Os tratamentos de primeira linha incluem:

  • Antihistamínicos: Estes medicamentos bloqueiam a libertação de histamina, que é responsável pelos sintomas alérgicos. Os antihistamínicos comuns incluem cetirizina, levocetirizina e loratadina.
  • Corticosteróides: O uso sistémico a curto prazo de corticosteróides, como a metilprednisolona ou a dexametasona, pode ser utilizado para surtos severos para reduzir a inflamação.
  • Imunossupressores: Medicamentos como a ciclosporina são utilizados para formas crónicas de urticária para suprimir as respostas imunes.
  • Biológicos: Para a urticária crónica severa, medicamentos biológicos como o omalizumab podem ajudar a reduzir os níveis de IgE e a controlar a resposta alérgica.

Primeiros Socorros em Casa (para Urticária Aguda)

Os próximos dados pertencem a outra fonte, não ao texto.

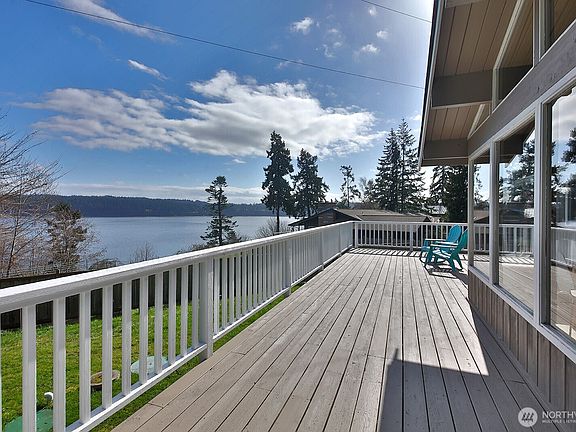 2nd image of 1412 Commodore Place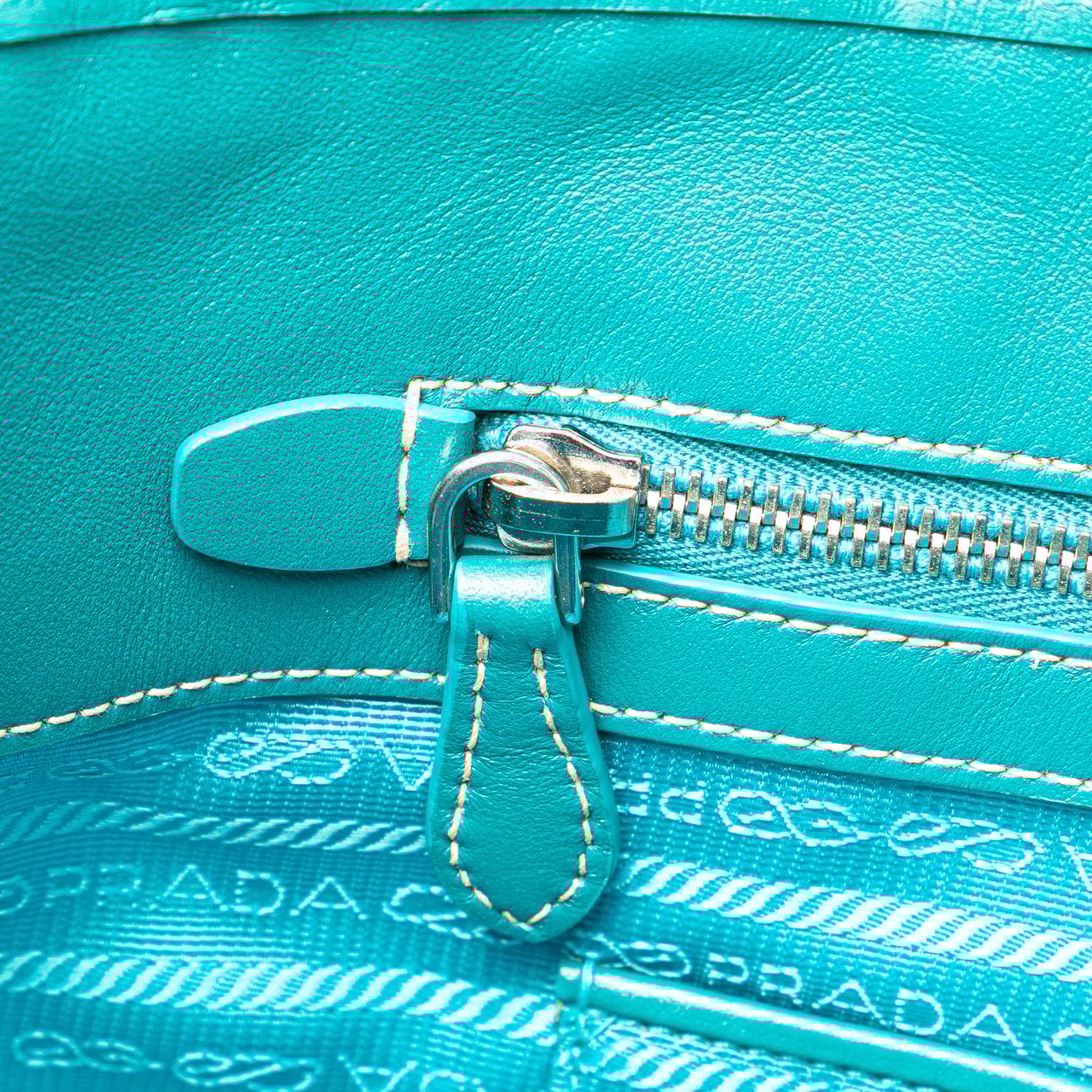 Prada Tessuto Satchel Blauw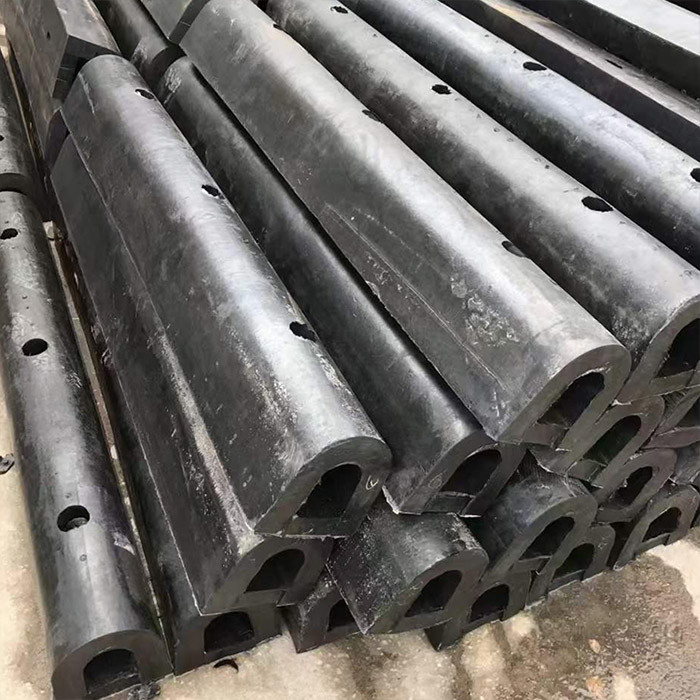 NR D Type Rubber Fenders In Sizes Up To 300mm Compact Yet Strong
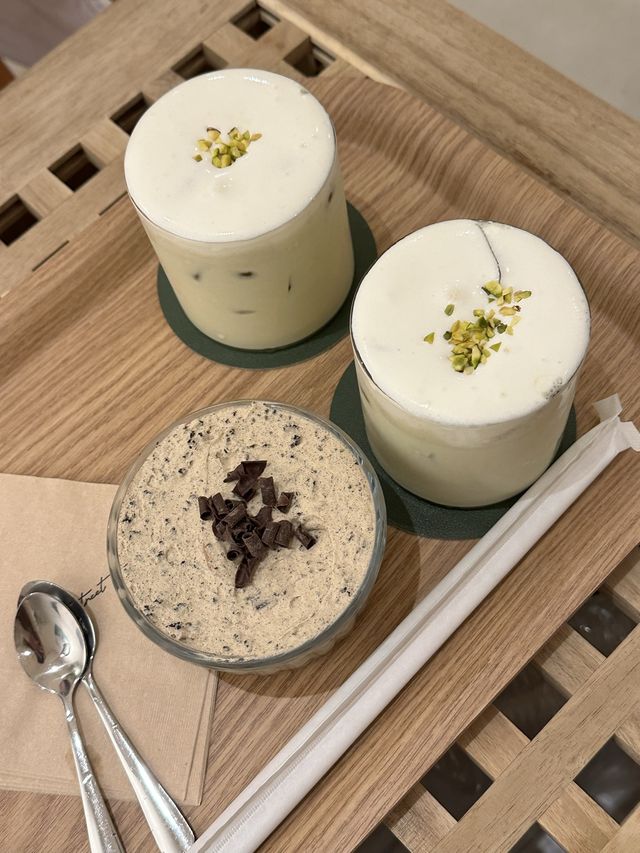 겨울느낌 낭낭한 카페, 멜로우스트리트🥧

Se ocorrer uma reação de urticária aguda, as seguintes medidas de primeiros socorros podem ajudar a aliviar os sintomas:

  • Tomar um antihistamínico imediatamente.
  • Aplicar um corticosteróide tópico na pele afetada para reduzir a inflamação.
  • Se os sintomas piorarem, procure atenção médica sem demora.

Prevenção

Para reduzir a probabilidade de surtos e minimizar o impacto da urticária alérgica:

  • Seguir uma dieta hipoalergénica se alergias alimentares forem identificadas.
  • Evitar alérgenos conhecidos, como medicamentos, pólen e produtos químicos.
  • Usar roupas soltas e respiráveis e evitar tecidos que possam irritar a pele.
  • Limitar a exposição a temperaturas extremas e usar sempre protetor solar quando exposto ao sol direto.
  • Evitar coçar para prevenir o agravamento dos sintomas ou potenciais infecções.
  • Manter hábitos de sono saudáveis e gerir o stress para ajudar a melhorar a função imunológica geral.
  • Agendar testes regulares de alergia para identificar potenciais desencadeadores.
  • Manter um contacto próximo com o seu prestador de cuidados de saúde para monitorizar os sintomas e ajustar o tratamento conforme necessário.